# New bike on the way! Rocky Mountain Growler 20.



## 93studiolite (May 28, 2021)

Got the call today that what I hope is my new bike has been shipped. I got on a few lists with some local bikes shops within a 2 hr drive from me about three months ago. The shop that called is getting a couple of Rocky Mountain Growler 20’s in.

As long as it fits I’ll have a new bike soon. A couple of weeks shop time I expect. Woohoo! This will be my first new bike in a long time since I’m just getting back into the sport.


----------



## 93studiolite (May 28, 2021)

I put my deposit down today! Will be picking it up on Tuesday or Wednesday.


----------



## BrianU (Feb 4, 2004)

I know a guy that works at Absolute Bikes in Salida, CO. Other than an El Mariachi singlespeed he built up many years ago as a side project, as long as I have personally known him, he has always owned and ridden very nice FS rigs. Curious how the newer HTs rode, he spent some time with a Growler on his local trails and was surprised at how much he enjoyed it. He gets the chance to try out some very nice bikes on a regular basis, so for him to speak highly of something says a lot.


----------



## 93studiolite (May 28, 2021)

I’m pretty excited. I’ve read every article and watched every review I can. Most of them review either the 40 or 50. I would have preferred to pick up a 40, but the shop wasn’t getting anymore in until next year, so I grabbed the 20. I figure I can ride it for awhile and update the fork and add a dropper later down the road.


----------



## 93studiolite (May 28, 2021)

Well, the bike was delivered today, but due to Hurricane Elsa I won’t be able to pick it up until Thursday or Friday. I got the call around 3:00 that the bike was together and ready to go. The shop is about an hour away from me and I have something scheduled this afternoon, so can’t pick it up today. Oh well, I’ve waited this long for it, what’s a couple more days.


----------



## Happybill68 (Feb 4, 2020)

93studiolite said:


> Well, the bike was delivered today, but due to Hurricane Elsa I won't be able to pick it up until Thursday or Friday. I got the call around 3:00 that the bike was together and ready to go. The shop is about an hour away from me and I have something scheduled this afternoon, so can't pick it up today. Oh well, I've waited this long for it, what's a couple more days.

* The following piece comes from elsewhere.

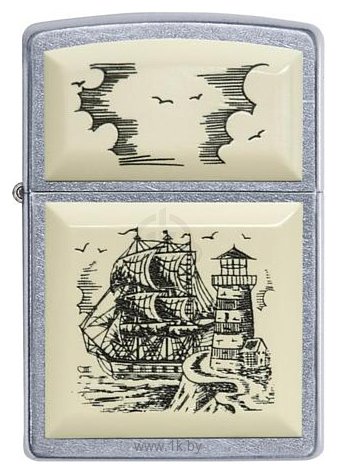 Фотографии Zippo Scrimshaw Ship 29397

Good attitude. Staying off the road in bad weather is smart. Bike will be there waiting for you on Friday. Congrats enjoy your new bike

Sent from my iPhone using Tapatalk


----------



## 93studiolite (May 28, 2021)

Picked the bike up today! I’ll try and get some pictures tomorrow. So far I like it, but I feel like I’m WAY up in the air. I think some folks have explained it like they are driving a monster truck. Hahaha! Anyway, I should get used to it the more I ride it.


----------



## 93studiolite (May 28, 2021)

Here it is! Pretty happy with it so far. The pedals suck, so those will be the first to go it favor of something less slick.


----------



## gerryl (Aug 10, 2014)

Older post but here is my Growler 20. Had it about one week now and super fun bike. I wanted the 40 as it is the better buy in my opinion, but happy with the 20 at $1039.00. Bought it for the frame's progressive geo. Parts and upgrade list as thing break/wear out etc: tubeless this week and a better pair of sram brakes I have, 150mm air fork ASAP, dropper post, drivetrain and wheelset.


----------



## 93studiolite (May 28, 2021)

Congrats! I would have rather had the 40 as well, but the bike shop wasn’t getting anymore in until sometime next year. Based on the prices on RM’s website for the 2022 models I’m glad I went ahead and picked up the 20. I figured I could upgrade as parts wore out.


----------